WORK TASK: Where the line containing "2 PIECE - EMBROIDERED LAWN SUIT SCV1-1703" appears in the entries below, start there and print only that line and every line after it, exactly, through the end, excluding pictures.

═══ RECORDS FOR THE TASK ═══

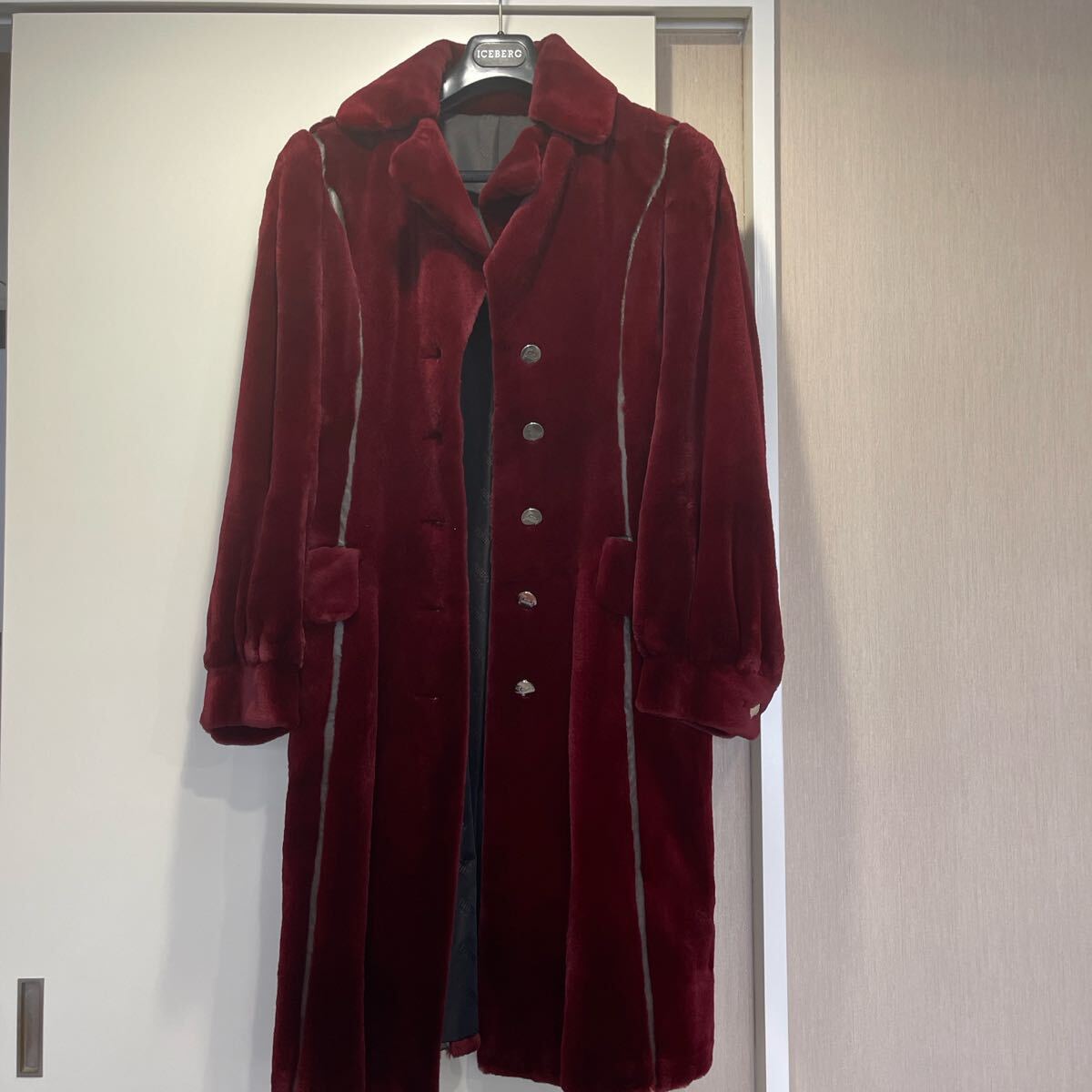 超美品!ジャンフランコ・フェレ ロングコート シェアードミンク 本毛皮拍卖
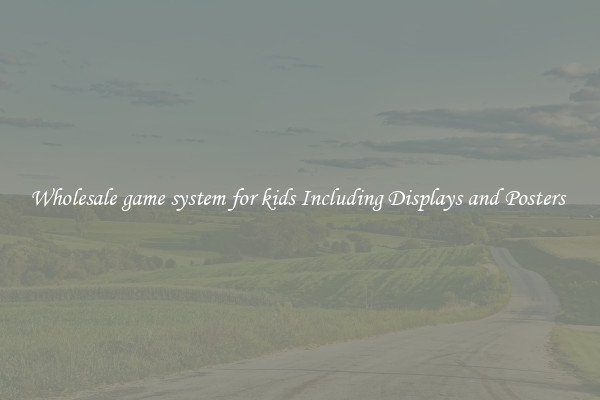 Wholesale game system for kids Including Displays and Posters 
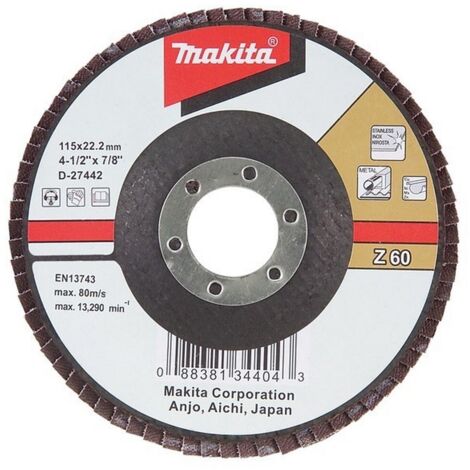 MAKITA D-27545 DISCO DE LÁMINAS DE CIRCONIO-ALUMINIO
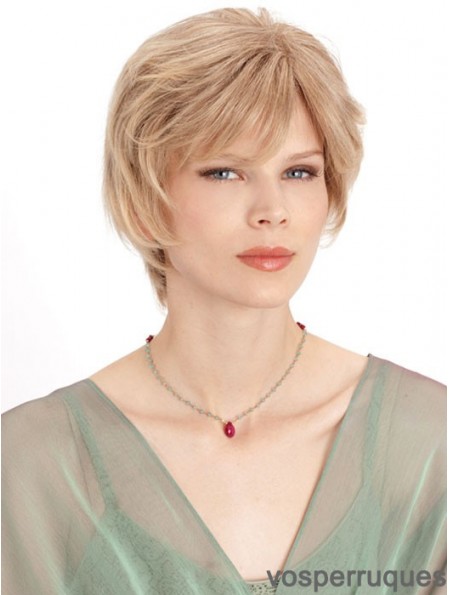 Monofilament Straight Layered Chin Longueur 8 pouces Perruques de cheveux humains incroyables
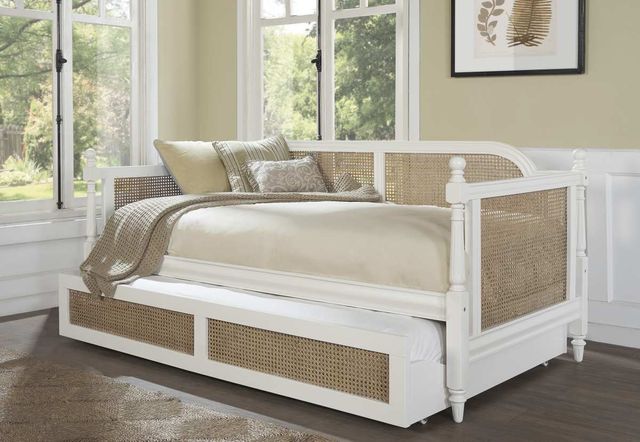 Hillsdale Furniture Melanie White Twin Daybed with Trundle-1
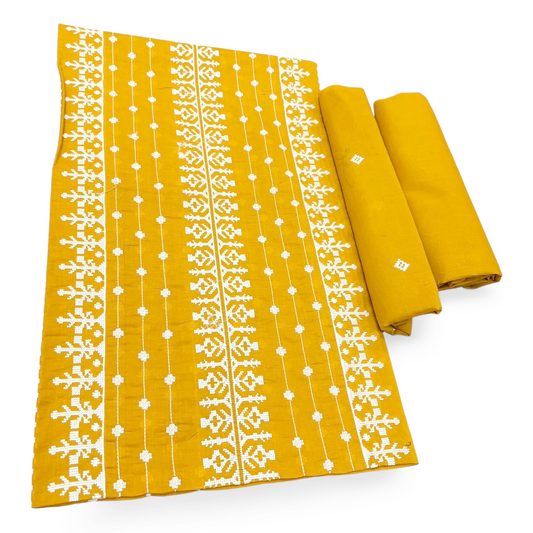 2 PIECE - EMBROIDERED LAWN SUIT SCV1-1703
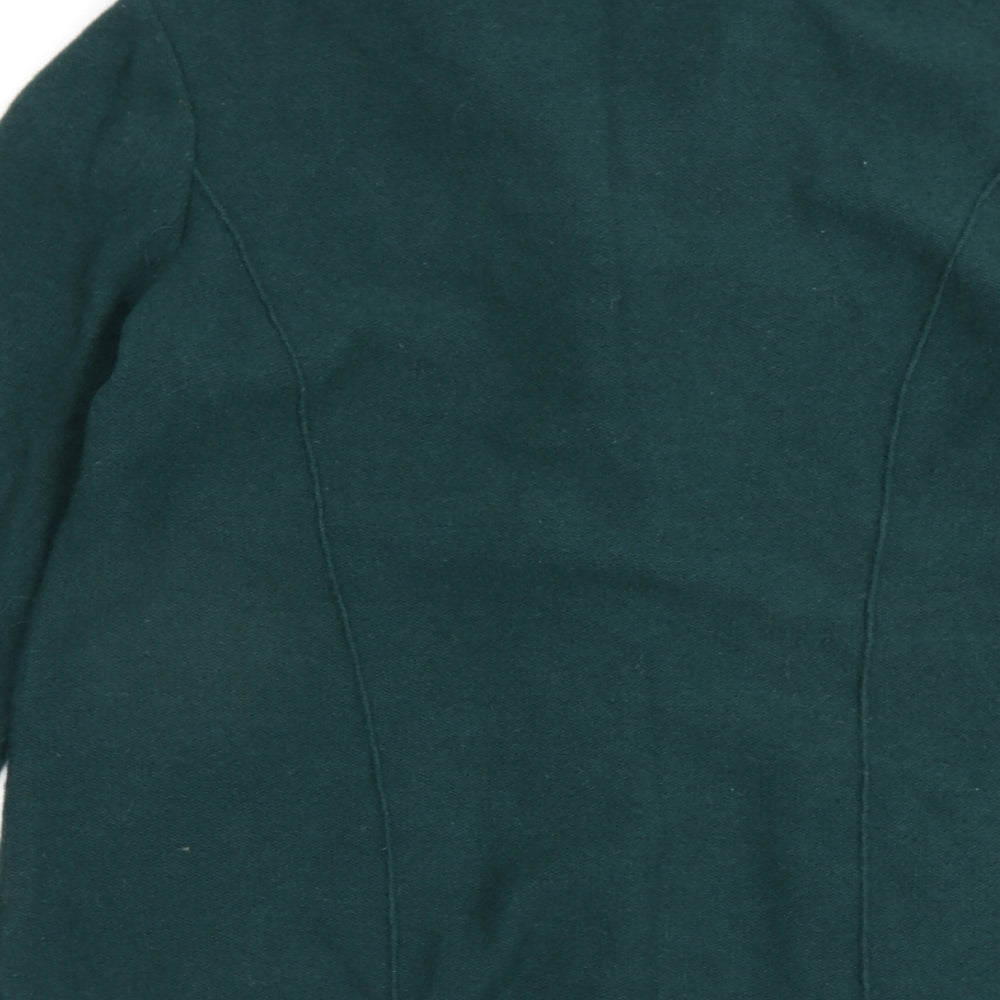 Laura Ashley Womens Green Jacket Coatigan Size 16 Button
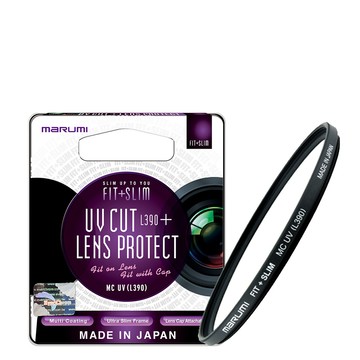 Marumi 日本彩宣總代理 FIT+SLIM UV-82mm廣角薄框多層鍍膜UV保護鏡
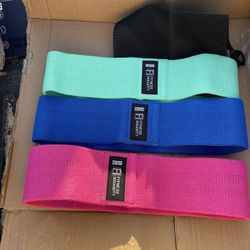 Three Piece Resistance Bands /Tres Piensas Bandas De Resistencia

═══

EXERCISE RESPONSE:
 2 PIECE - EMBROIDERED LAWN SUIT SCV1-1703
 Laura Ashley Womens Green Jacket Coatigan Size 16 Button
 Marumi 日本彩宣總代理 FIT+SLIM UV-82mm廣角薄框多層鍍膜UV保護鏡
 Three Piece Resistance Bands /Tres Piensas Bandas De Resistencia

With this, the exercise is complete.